Ao longo da sua vida o António sempre foi discreto, um anti-herói como já ouvi chamar-lhe. Era impossível que alguém mantivesse com ele uma atitude hostil pois ele era um homem bom, que a todos respeitava. Manteve este jeito durante a sua passagem pela Fundação Oriente, mas numa atitude de abertura de espírito, de inconformismo, de afectividade e de solidariedade, características da sua personalidade.

Como seria natural, António Alçada Baptista esteve, desde sempre, muito ligado à actividade editorial da Fundação Oriente, à qual muito se dedicou. Pela sua mão foram consideradas muitas iniciativas neste sector, quer actividades da própria Fundação, quer propostas de inúmeras publicações que não chegariam a ser realidade se não tivessem recebido o apoio que permitiu a sua edição.

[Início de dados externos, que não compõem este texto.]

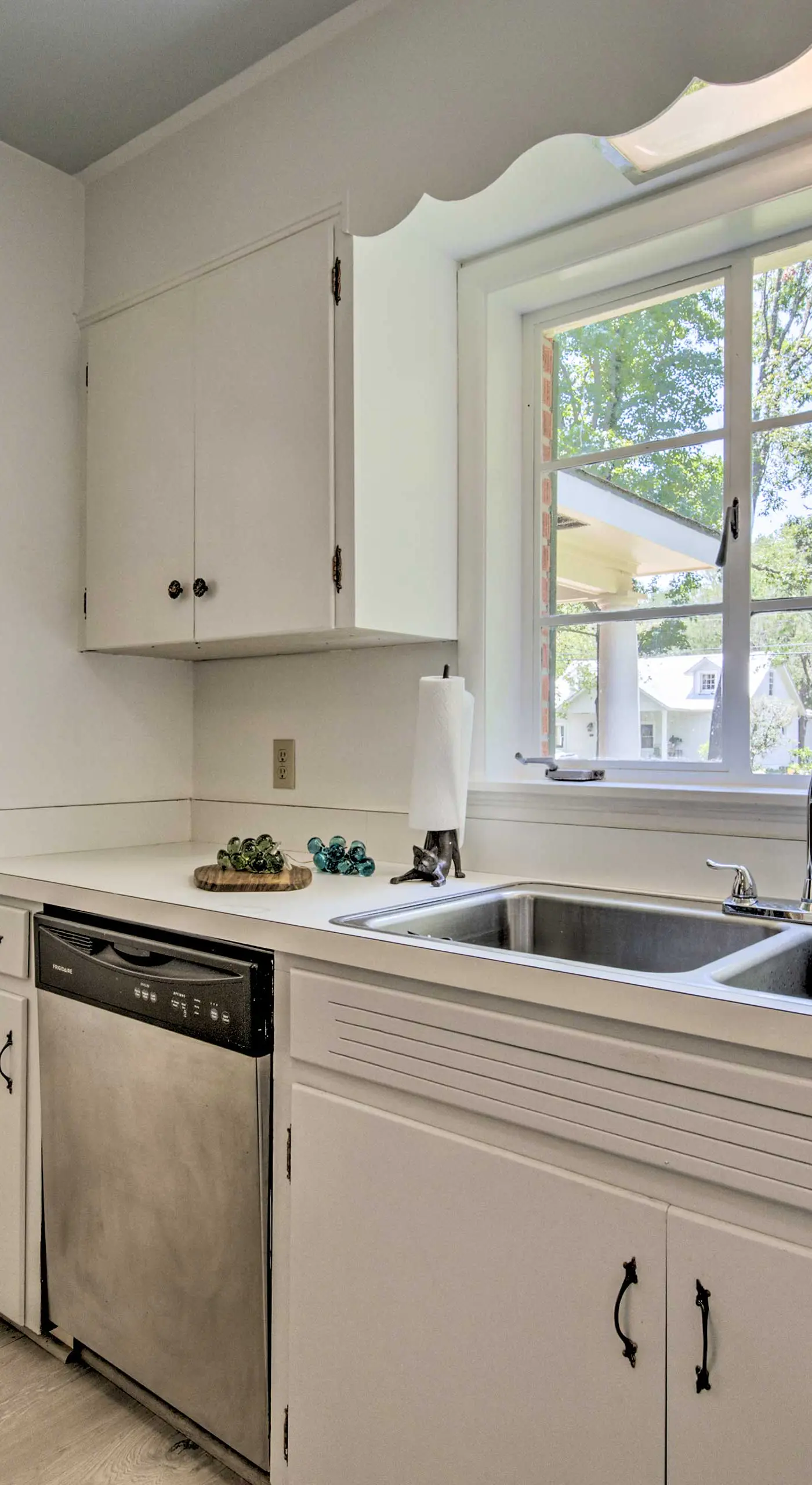 Ocean Springs Home - Walk to Beach & Downtown!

À semelhança do que no âmbito do Instituto do Livro tinha realizado com sucesso em África, envolveu-se entusiasticamente na organização da I Feira do Livro Português de Pangim em 1992. Nessa ocasião visitou Goa pela primeira vez, incluído na comitiva do senhor Presidente da República na sua visita à Índia.

Na organização da segunda edição desta feira, no âmbito da inauguração da delegação da Fundação Oriente na Índia em 1995, o António deslocou-se novamente a Goa e então pude assistir à força da sua paixão por esta terra, ao fascínio dos trópicos, lembranças das suas vivências no Brasil. Deambulou por Goa, visitou instituições, conviveu com as pessoas, enamorou-se pelos ambientes e ali deixou muitos amigos. Senti que teve pena de não ter visitado Goa muito mais cedo e, certamente para recuperar um tempo perdido, nunca deixou de ser enfeitiçado por aquela terra.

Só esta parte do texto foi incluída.